There’s a strange, unofficial law of puberty that says all the big, life-changing, gross-out experiences have to happen to you on holiday.
Sometimes on Guides camp, during sports day or at the incredibly posh wedding of a distant relative – but mainly, usually, on holiday. Because hey, even the sneaky gremlins of adolescence love a day at the beach! It’s just a shame they have to gatecrash your jolly hols rather than packing off on their own.
Picture the scene: I am 12, and on holiday with my family. In Belgium. Normally this would be enough trauma to be going on with, but because the universe is sometimes the actual worst, I also had my period.
Not my first period – that had arrived in a dramatic mudslide of brown goo one day at school, followed by a sticky five hours walking around concerned I had pooed myself without realising – but an early one Before they had settled into a reliable routine; when my period was still turning up unannounced, like a neighbour who won’t take the hint and then stays and eats all your best biscuits.

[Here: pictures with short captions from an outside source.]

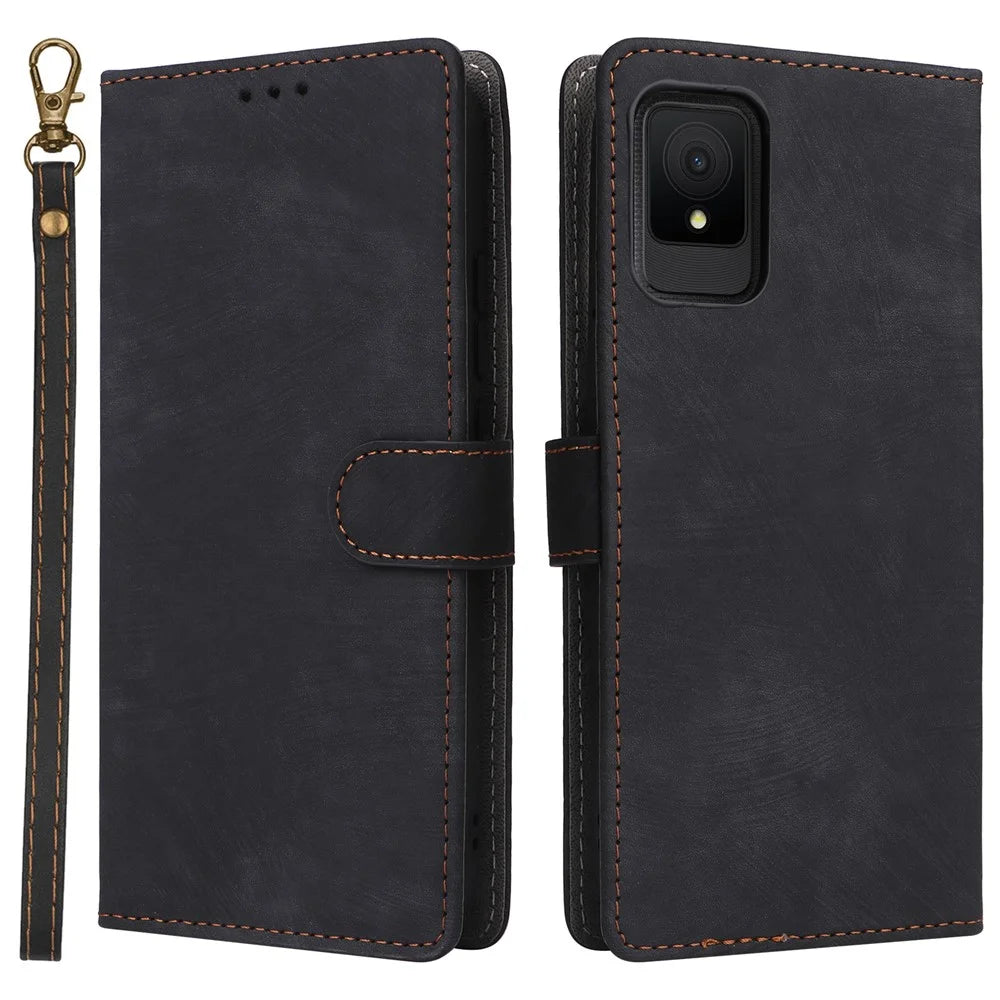 For TCL 502 Case RFID Blocking Drop-proof Wallet Phone Cover with Handy Strap - Black - 1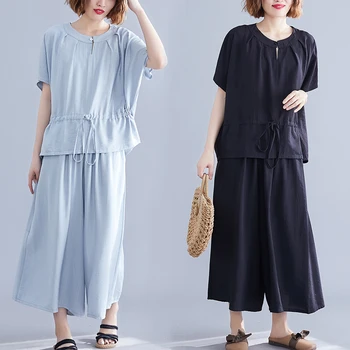 

#0911 Summer Bat Sleeve T Shirt And Wide Leg Pants Women Loose Casual Two Piece Set Drawstring Top Elegant Casual 2 Piece Set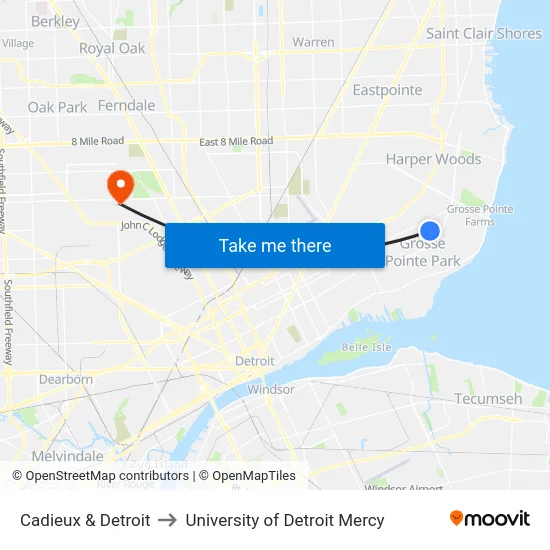 Cadieux & Detroit to University of Detroit Mercy map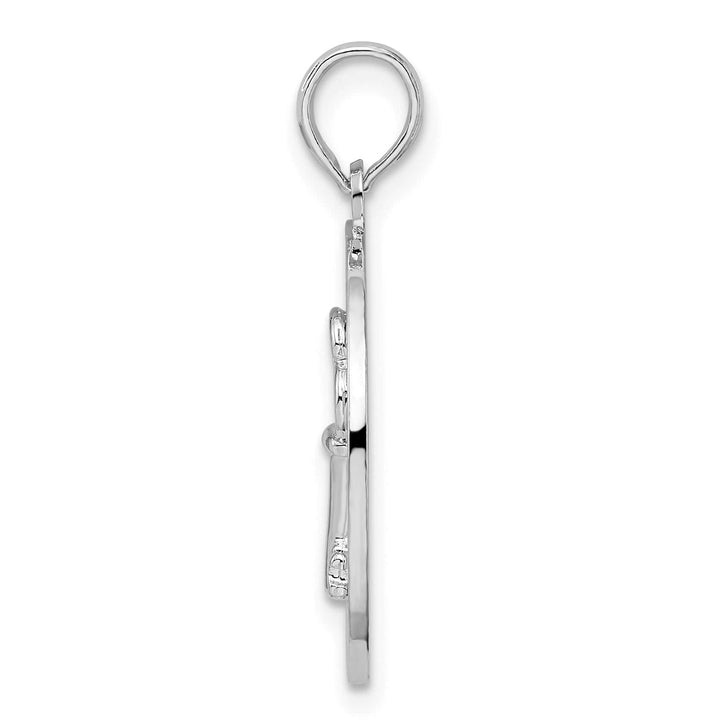 Sterling Silver Textured Siesta Key Florida with Key Pendant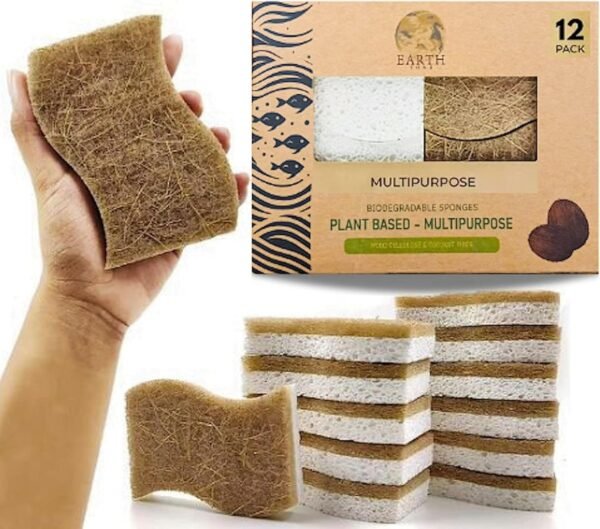 Earth Tone Compostable Sponge 12 Pack | Heavy Duty, Non-Scratch, Biodegradable, Natural Kitchen Sponges for Dish Washing | Plant-Based Walnut Scrubber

Up till now I had been welcoming. I had rolled out sanitary pads like a red carpet each time my uterus lining decided to drop by. But now – now, I was on holiday and I didn’t want a period, thanks. I wanted to go swimming. And I couldn’t do it with a big white lilo in my pants.
So there were two options: either give up and mooch about by the pool all week like a sad, bleeding fun sponge – or find another type of sanitary soaker-upper. As MC Hammer might have said while breakdancing on my achey uterus, STOP! Tampon time.
My mum was a long-time tampon fan, and only too happy to hand over a box for me to have a go. They were non-applicator, because that was the type she’d always used, and so it was that I found myself, quite literally, in at the deep end. Squatting, as per the box instructions, in the holiday chalet bathroom, boldly going to parts of my body that no finger had ever gone before.
First I unwrapped a tampon, gave the string a cautious yank. It looked like a make-up applicator, or a tiny friendly mouse puppet. I took a deep breath, did my very best full plié (if all those years of ballet classes hadn’t turned me into a modern day Anna Pavlova, they could at least give me the thigh strength to ram a tampon in successfully), and prodded it in the vague direction of the blood. In went the tip. Easy! Like plugging a leak. Or that song, about the guy with the hole in his bucket.
I stood up, triumphant. I was a tampon-wearer! I was a vaginal victor! I was… nope, I was in pain.
Ow. I moved around, testing things out. OW. Owwowwoww. I sat down. OWW. Was this… right? Surely not. How was I meant to swim if I could barely walk? The leaflet said I shouldn’t feel it at all. My mum never said it would hurt. All those carefree ladies on the adverts leaping through meadows and riding horses while wearing white trousers didn’t look like they were wincing every time they took a step. Were they grinning through gritted teeth? Were ALL women? WOULD I BE FOREVER CONFINED TO A LIFE OF FANNY PAIN?
No, my mum confirmed when she found me whimpering in my swimsuit, drowning my sorrows in a packet of Belgium’s finest paprika snack nuts. It was not supposed to hurt.
It was, though, supposed to be inside my vagina – properly inside, rather than the place I had lodged it, hanging halfway out as though my labia was smoking a little white cigar. For that tampon to do its best tamponing, she explained cheerfully through the bathroom door, it needed to be completely hidden where the sun didn’t shine.
I had to boldly go further. I yanked it out by the string, unwrapped a fresh one and took another deep breath.
With two more attempts and a lot of what can only be described as ‘tampon yoga’, I discovered with wonder what so many girls had discovered before me: that your vagina, like the TARDIS, is far bigger on the inside than it appears. It goes all the way back! And up! My first tampon had been sat in the doorway when there was a whole… corridor to conquer!
Finally, it was in. Actually in. And once that third-attempt tampon settled into its proper home, I realised that it wasn’t a lie – I couldn’t feel it. At all. Nothing to see here, folks, just a girl totally in control of her menstrual fluids!
Not even going headfirst down the flume with a swimsuit wedgie could diminish my aura of physical achievement. It might not have made the photo album or the ‘What I did on my holiday’ essay, but it was a golden memory nonetheless. I was a tampon-wearer! A vaginal victor! Yes.